WHAT TO WORK ON:
From the line containing "x-men-actor-ia" to the last line of the data, both included, transcribe each line exactly, leaving out pictures and adding nothing.

RECORDS FOR THE TASK:
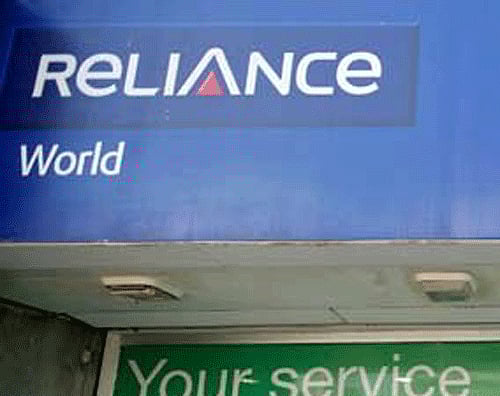 Reliance Jio to use Viom Networks towers PTI Image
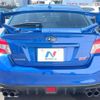 subaru wrx-sti 2017 quick_quick_VAB_VAB-019692 image 20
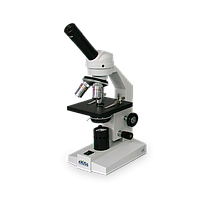 KRUSS MML1200 Monocular microscope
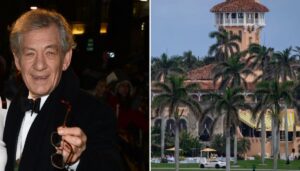 x-men-actor-ian-mckellen-envisioned-‘destroying’-mar-a-lago-while-filming-new-avengers-movie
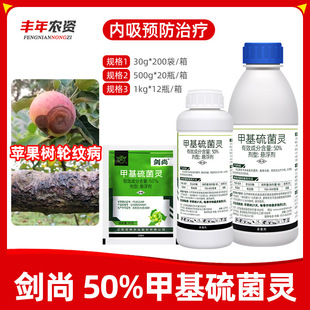 ���Ƅ���50%�׻�����`�O����݆�y��ˮ���������y�ݲ��rș������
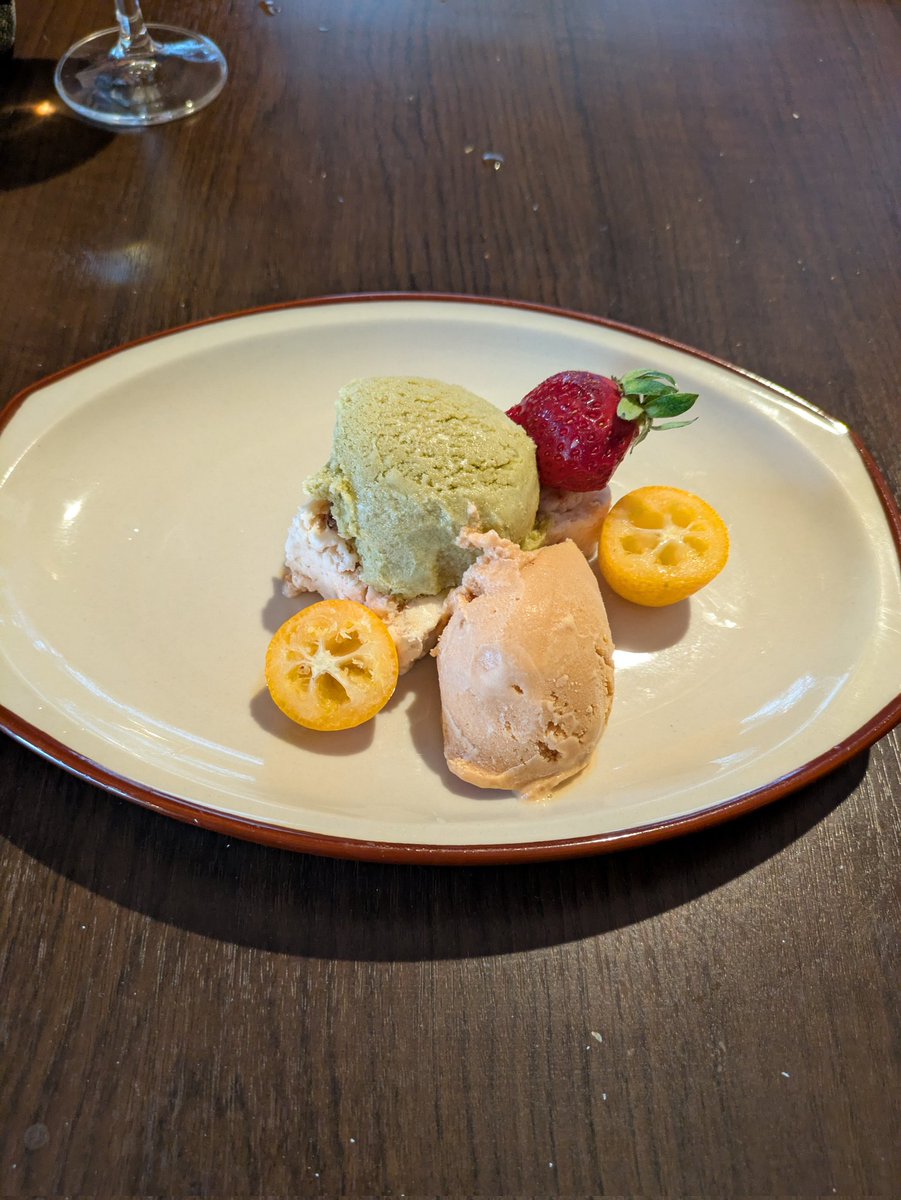 ソルヴァ🏴‍☠️ tweet media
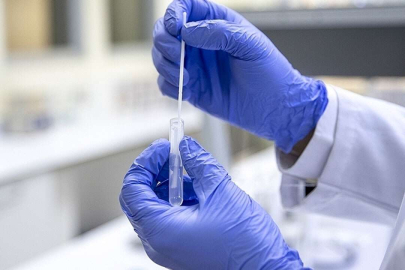 Korona belirtilerinde sıralama değişti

OUTPUT OF THE TASK:
 x-men-actor-ian-mckellen-envisioned-‘destroying’-mar-a-lago-while-filming-new-avengers-movie
 ���Ƅ���50%�׻�����`�O����݆�y��ˮ���������y�ݲ��rș������
 ソルヴァ🏴‍☠️ tweet media
 Korona belirtilerinde sıralama değişti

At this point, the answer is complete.